- **Problem statement**
Here are the records. Write out exactly the lines between the one holding "Toyota Corolla SE (1.8L 4cyl 6M) 2018 Black" and the one holding "Retsil House |", inclusive.

- **Dataset**
-*-*-
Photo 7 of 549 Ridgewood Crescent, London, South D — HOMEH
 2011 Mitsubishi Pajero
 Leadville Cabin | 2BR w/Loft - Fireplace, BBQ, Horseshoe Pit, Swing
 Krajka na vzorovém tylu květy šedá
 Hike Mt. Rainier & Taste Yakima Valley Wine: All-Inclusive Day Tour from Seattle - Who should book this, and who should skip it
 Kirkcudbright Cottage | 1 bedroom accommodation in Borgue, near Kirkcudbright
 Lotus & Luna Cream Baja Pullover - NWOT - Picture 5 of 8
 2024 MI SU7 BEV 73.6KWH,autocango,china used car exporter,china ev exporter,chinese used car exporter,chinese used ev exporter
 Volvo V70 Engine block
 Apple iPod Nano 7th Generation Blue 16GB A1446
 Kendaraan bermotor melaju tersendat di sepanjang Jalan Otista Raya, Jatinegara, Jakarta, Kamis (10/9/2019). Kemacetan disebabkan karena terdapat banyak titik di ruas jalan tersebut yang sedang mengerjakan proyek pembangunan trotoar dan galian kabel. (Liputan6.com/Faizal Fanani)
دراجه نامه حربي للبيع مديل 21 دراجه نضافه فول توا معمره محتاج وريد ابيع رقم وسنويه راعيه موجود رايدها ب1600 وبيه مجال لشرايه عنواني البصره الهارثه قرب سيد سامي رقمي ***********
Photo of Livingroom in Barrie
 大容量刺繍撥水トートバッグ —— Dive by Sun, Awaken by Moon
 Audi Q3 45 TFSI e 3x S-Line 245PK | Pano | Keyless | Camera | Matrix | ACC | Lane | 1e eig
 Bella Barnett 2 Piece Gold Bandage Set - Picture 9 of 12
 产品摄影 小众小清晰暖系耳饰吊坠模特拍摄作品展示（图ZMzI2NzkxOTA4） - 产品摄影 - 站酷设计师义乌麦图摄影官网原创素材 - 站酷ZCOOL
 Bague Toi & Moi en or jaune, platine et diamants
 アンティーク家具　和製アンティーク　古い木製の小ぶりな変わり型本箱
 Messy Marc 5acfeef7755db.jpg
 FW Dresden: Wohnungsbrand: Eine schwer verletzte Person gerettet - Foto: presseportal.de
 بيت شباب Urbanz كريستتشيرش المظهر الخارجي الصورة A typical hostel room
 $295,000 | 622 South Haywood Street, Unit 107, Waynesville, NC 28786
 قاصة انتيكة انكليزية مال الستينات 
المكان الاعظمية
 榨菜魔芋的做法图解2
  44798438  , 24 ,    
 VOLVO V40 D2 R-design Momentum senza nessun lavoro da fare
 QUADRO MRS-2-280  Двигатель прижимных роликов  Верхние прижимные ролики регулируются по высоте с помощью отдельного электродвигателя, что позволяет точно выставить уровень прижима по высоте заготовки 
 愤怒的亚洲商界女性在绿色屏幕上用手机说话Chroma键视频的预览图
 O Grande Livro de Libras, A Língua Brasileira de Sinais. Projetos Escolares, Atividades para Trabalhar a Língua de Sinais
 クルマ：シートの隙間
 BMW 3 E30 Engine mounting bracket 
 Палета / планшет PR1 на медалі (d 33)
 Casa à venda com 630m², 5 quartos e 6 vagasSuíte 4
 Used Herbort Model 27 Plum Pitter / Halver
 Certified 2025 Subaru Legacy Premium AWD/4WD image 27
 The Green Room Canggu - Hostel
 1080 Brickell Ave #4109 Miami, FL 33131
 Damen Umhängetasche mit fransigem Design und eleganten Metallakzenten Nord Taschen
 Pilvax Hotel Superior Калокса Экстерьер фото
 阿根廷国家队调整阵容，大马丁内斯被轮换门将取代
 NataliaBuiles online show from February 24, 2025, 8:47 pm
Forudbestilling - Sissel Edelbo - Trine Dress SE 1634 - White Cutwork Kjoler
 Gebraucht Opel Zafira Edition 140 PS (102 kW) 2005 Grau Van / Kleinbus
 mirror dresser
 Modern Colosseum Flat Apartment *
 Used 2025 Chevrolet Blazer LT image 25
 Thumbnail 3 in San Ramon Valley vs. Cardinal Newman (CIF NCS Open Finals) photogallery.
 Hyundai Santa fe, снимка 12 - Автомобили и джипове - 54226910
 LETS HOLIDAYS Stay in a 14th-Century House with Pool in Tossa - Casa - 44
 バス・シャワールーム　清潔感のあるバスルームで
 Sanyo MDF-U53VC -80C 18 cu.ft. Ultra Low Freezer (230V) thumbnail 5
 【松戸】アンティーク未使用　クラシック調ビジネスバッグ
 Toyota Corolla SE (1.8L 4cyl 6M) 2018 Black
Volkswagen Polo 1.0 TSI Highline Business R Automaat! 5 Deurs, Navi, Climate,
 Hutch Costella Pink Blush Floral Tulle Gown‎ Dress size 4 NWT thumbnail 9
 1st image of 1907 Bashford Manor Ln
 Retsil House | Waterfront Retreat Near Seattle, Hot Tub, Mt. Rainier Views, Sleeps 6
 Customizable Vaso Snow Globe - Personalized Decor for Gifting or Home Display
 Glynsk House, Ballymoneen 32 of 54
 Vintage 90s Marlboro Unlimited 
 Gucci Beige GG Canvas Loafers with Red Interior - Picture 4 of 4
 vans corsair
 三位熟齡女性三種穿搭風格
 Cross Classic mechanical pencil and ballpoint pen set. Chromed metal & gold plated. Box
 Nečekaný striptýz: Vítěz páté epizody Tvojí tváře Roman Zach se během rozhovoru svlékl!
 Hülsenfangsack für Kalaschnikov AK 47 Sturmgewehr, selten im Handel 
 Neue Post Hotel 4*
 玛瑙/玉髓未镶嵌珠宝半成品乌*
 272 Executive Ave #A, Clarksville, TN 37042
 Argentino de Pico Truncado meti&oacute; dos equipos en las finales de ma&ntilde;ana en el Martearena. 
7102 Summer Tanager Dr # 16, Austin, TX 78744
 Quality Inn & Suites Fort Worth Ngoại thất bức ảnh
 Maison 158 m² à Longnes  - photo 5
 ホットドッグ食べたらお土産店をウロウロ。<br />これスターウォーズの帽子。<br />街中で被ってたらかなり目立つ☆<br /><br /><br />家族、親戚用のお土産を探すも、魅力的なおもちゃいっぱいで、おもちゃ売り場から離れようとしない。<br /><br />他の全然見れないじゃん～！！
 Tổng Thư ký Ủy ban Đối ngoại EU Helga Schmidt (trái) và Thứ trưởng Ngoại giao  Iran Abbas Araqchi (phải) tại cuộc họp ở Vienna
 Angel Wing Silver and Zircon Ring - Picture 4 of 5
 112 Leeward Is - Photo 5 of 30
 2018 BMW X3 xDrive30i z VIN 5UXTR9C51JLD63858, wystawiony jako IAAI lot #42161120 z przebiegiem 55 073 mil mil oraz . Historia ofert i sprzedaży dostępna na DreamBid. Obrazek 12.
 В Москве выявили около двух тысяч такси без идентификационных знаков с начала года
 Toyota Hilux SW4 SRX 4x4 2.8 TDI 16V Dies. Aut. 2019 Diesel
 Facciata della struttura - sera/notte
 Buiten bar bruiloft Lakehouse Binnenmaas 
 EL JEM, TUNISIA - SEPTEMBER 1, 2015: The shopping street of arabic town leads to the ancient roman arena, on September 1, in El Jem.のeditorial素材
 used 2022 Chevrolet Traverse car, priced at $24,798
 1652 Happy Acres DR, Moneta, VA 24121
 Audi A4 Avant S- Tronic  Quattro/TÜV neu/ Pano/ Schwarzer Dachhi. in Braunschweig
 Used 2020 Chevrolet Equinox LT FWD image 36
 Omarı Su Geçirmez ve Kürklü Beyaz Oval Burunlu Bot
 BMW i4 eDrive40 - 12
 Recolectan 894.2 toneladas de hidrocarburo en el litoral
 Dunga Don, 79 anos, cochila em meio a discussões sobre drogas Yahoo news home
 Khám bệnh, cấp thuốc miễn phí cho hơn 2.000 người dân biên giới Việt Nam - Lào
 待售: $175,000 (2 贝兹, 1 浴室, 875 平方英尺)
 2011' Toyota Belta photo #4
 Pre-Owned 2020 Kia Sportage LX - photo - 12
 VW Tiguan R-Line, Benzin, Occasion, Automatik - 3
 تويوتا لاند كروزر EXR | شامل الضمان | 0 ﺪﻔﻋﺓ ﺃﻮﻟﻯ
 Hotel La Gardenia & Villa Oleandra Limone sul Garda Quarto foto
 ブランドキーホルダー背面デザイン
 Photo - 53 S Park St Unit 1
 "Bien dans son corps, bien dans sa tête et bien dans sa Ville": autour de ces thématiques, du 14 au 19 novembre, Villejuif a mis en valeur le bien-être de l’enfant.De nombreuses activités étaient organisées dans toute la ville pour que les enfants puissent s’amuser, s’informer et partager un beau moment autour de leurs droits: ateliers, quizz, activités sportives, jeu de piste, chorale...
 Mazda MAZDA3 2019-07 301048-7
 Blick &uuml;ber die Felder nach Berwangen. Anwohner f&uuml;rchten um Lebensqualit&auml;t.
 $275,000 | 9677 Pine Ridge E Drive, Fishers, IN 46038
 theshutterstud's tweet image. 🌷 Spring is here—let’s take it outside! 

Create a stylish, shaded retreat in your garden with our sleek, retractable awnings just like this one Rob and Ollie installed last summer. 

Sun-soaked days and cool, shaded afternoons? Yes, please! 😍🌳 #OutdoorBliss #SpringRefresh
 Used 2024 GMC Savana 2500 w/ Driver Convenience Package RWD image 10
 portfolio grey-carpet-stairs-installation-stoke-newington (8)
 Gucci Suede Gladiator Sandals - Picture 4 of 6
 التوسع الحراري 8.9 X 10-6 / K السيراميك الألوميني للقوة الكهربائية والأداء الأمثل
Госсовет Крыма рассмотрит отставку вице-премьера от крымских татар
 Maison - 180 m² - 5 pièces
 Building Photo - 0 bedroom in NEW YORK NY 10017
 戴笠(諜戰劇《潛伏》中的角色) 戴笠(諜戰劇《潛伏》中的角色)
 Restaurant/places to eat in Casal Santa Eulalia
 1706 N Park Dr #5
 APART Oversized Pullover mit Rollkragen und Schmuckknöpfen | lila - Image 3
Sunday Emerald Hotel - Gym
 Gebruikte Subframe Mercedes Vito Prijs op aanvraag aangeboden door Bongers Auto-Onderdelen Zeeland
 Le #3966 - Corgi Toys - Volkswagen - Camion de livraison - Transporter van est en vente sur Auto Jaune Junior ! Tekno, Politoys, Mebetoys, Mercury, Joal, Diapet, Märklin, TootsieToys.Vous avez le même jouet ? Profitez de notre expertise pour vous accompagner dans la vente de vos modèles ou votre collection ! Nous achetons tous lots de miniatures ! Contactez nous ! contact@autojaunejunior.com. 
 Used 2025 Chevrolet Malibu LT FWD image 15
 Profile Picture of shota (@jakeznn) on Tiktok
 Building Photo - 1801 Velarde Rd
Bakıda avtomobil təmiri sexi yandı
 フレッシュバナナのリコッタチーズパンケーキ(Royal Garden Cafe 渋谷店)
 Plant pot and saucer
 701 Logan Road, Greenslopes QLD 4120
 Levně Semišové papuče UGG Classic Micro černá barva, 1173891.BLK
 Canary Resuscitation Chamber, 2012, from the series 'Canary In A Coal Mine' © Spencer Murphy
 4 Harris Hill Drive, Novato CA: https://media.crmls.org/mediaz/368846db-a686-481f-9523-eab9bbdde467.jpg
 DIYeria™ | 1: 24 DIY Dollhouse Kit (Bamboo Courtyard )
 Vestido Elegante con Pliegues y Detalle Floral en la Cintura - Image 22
-*-*-
- **Exercise output**
 Toyota Corolla SE (1.8L 4cyl 6M) 2018 Black
Volkswagen Polo 1.0 TSI Highline Business R Automaat! 5 Deurs, Navi, Climate,
 Hutch Costella Pink Blush Floral Tulle Gown‎ Dress size 4 NWT thumbnail 9
 1st image of 1907 Bashford Manor Ln
 Retsil House | Waterfront Retreat Near Seattle, Hot Tub, Mt. Rainier Views, Sleeps 6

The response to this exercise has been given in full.